Stories
By: Axel Boisen

Agok, Abyei—As people around the world enjoyed the festivities of 2021, in Abyei, cattle keepers and farmers gathered not for festivities, but more serious business.

The International Organization for Migration (IOM), local authorities, and the non-governmental organization—Concordis International hosted a conference for the season’s first pre-migration dialogue in Agok, south of Abyei.

On a two-hour drive from Abyei to Abiemnom in Ruweng Administrative Area, a team of organizers from IOM and Concordis International met two cattle camp leaders to invite their communities to the three-day conference.

“They fled the flooding in Mayom and Rubkona Counties in Unity State with large numbers of cattle,” says Arop Dombek Deng, IOM’s Transition and Recovery Programme Assistant in Abyei.

“And now the cows are dying of a waterborne disease of some kind, they say."

Outside the village of Abiemnom, a herd belonging to 40-year-old Gai Machiek is slowly on the move. The famous graceful longhorn cattle are grazing over 200 kilometers from home in Bentiu. They leave behind the cows that didn’t survive the long journey.

“They are really dying,” Gai Machiek says, pointing at three calves’ carcasses.

Three of Gai’s calves didn’t make it through the long grazing journey. Photo: IOM/ Axel Boisen.

The cattle movement season is traditionally initiated by pre-movement negotiations between the cattle herders and host communities to determine the timing and the routes for cattle herders. This annual migration of hungry cattle and their often armed owners creates tensions with farmers in the area.

In Abyei, every year between January and April, the Misseriya—nomadic pastoralists and other ethnic groups migrate through three passable corridors for southern grazing land. 

This season’s extraordinary flooding and the disease have led local authorities to request IOM for support to tackle heightened tensions between agro-pastoral host communities and the displaced populations over water, pasture, and protection of farm crops to find workable solutions on cattle migration routes through inter-communal dialogue.

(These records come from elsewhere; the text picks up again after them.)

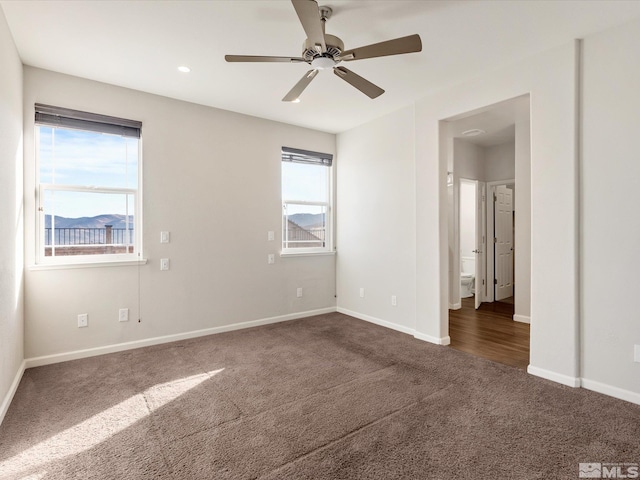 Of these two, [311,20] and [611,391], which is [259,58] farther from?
[611,391]

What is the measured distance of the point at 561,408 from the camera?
236 cm

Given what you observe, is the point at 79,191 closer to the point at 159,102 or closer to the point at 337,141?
the point at 159,102

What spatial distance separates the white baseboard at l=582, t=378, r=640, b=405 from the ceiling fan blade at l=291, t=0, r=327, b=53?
10.2 ft

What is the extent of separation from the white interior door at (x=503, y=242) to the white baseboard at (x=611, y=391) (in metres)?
3.41

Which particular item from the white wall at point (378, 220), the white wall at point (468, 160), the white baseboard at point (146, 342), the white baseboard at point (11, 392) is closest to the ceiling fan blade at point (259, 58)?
the white wall at point (378, 220)

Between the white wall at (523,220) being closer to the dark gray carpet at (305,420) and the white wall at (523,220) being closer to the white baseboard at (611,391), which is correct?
the dark gray carpet at (305,420)

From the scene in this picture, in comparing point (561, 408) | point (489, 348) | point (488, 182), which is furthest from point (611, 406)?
point (488, 182)

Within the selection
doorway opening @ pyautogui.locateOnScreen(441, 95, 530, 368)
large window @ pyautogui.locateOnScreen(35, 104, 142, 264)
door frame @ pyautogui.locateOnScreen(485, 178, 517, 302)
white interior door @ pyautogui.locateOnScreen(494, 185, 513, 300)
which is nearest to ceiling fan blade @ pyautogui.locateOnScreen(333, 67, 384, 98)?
doorway opening @ pyautogui.locateOnScreen(441, 95, 530, 368)

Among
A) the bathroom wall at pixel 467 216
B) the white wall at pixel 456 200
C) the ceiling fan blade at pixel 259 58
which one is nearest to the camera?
the ceiling fan blade at pixel 259 58

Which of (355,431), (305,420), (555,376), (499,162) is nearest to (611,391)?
(555,376)

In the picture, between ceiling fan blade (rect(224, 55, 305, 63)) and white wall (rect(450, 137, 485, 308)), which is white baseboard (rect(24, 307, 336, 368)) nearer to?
white wall (rect(450, 137, 485, 308))

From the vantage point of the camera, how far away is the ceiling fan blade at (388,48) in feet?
6.66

Gai Machiek and his fellow cattle keepers. Photo: IOM/Axel Boisen

“When a cow is giving birth, she has no milk for the calves, because she is starving. When the floods came to our homes in Bentiu, diseases also came. There is no area with grass there. That is why we came up to here, Gai explains.

Gai and other cattle keepers in the Abyei Administrative Area are seeking ways to graze their herds without running into conflicts with the host community.

“What we need is a peaceful place to graze our cattle. No fighting. If no one comes to take our cattle, we will never fight anyone,” Gai reiterated.